Geography of Cinemagoing, 1947

If you haven't seen it, I'd recommend David Bordwell's post on His Girl Friday. It's a reflection, personal and intellectual, on the cultural life of that film. (Jason Mittell teases out some implications for copyright policy.) I'd add to the film's incorporation into film studies canon attests to the influence of Film Art, which I'd read (3rd edition) in my college intro to film course, where we watched, indeed, His Girl Friday. Moreover, Bordwell includes advertisements and exhibition information from its local (Madison) run.

What a better occasion, then, to debut what I hope will be a regular feature on this blog and its 1947 project. I'd conceived of the project as a way to apprehend, synchronically, Hollywood's productions. It still is that primarily, but particularly at the intellectual provocation of my colleague Dan Friedlaender, I am increasingly curious about the distribution of these films.
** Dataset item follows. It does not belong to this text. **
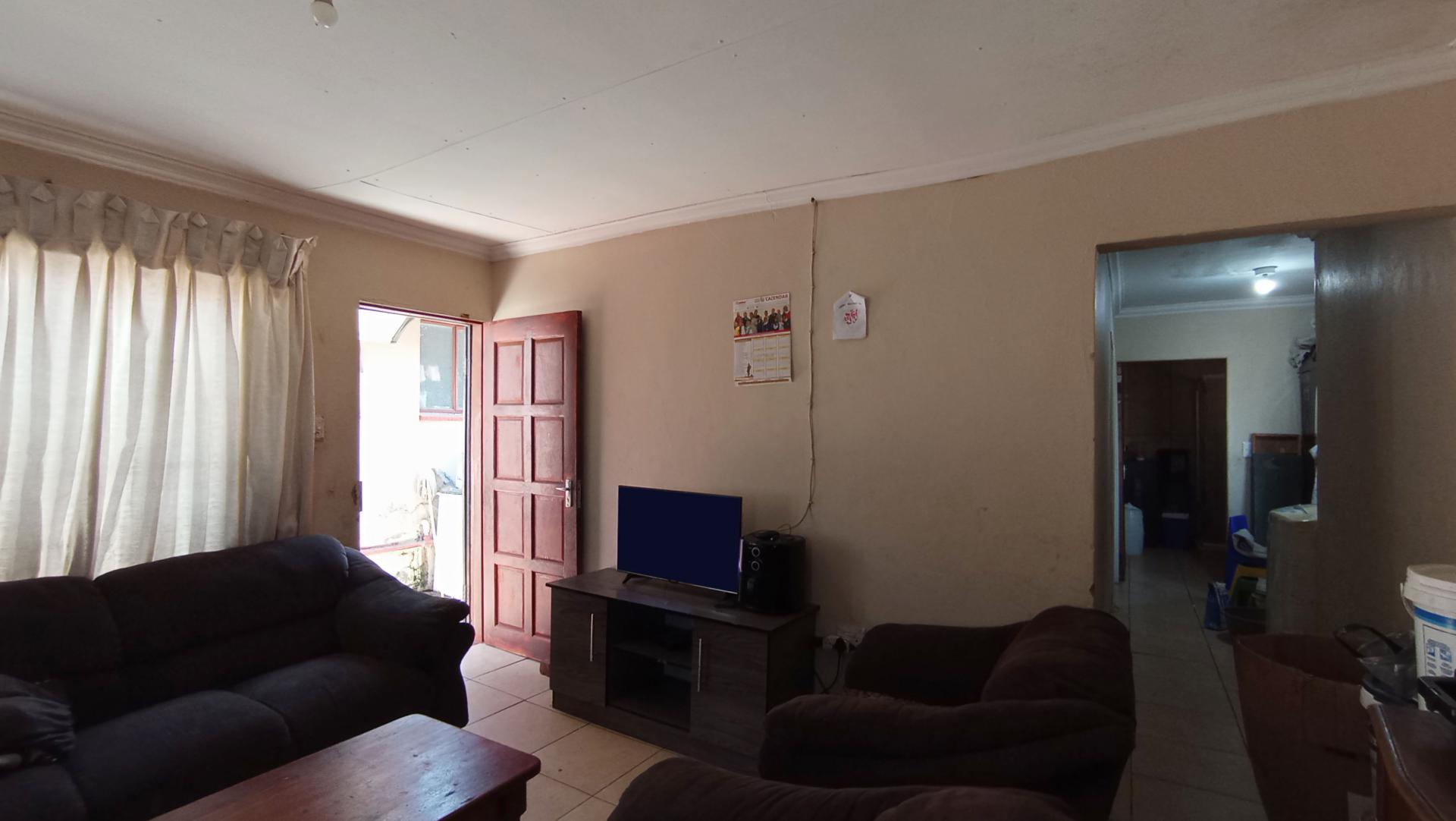 Lounges - 32 square meters of property in Kaalfontein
To that end, I plan to look at 1947 from the grounds-eye view as well, taking snapshots of Philadelphia's exhibition history.

Before diving in to look at what was playing or how much films made here, though, it's worth just noting what Philadelphia's exhibition market looked like in 1947. My roots don't run deep here, so my picture is based on ads in the Philadelphia Bulletin, on the invaluable Cinema Treasures website, and the aid of Google Maps. I'm still mapping, but so far have plotted over 100 theaters in the city limits (click for the Google Map):

Blue represents downtown first run palaces, red and magenta represent subsequent-run neighborhood theaters.

A couple of trends worth noting. First of all, cinemagoing wasn't just more prevalent then than now, its magnitude is hard to fathom. Currently there are 4 non-porn cinemas in Center City; in 1947 there were at least a dozen and a half theaters, many of which held more than 2500 seats. Accordingly, the history of cinema exhibition also gives a trace of the geography of transportation: before the widespread adoption of the automobile, cinemas were well-dispersed across the city, while today many stretches are not served for miles by one. And, too, the theaters' history is also a microcosm of urban change and development. Almost all of the Center City palaces are demolished now (the one still extant is no longer operating). Looking at the Google map, it is surprising how many former theaters in Philly are now desolate urban, post-industrial wastelands.

This mapping is about giving a synchronic snapshot of the exhibition market, but the sense of diachronic change is hard to ignore.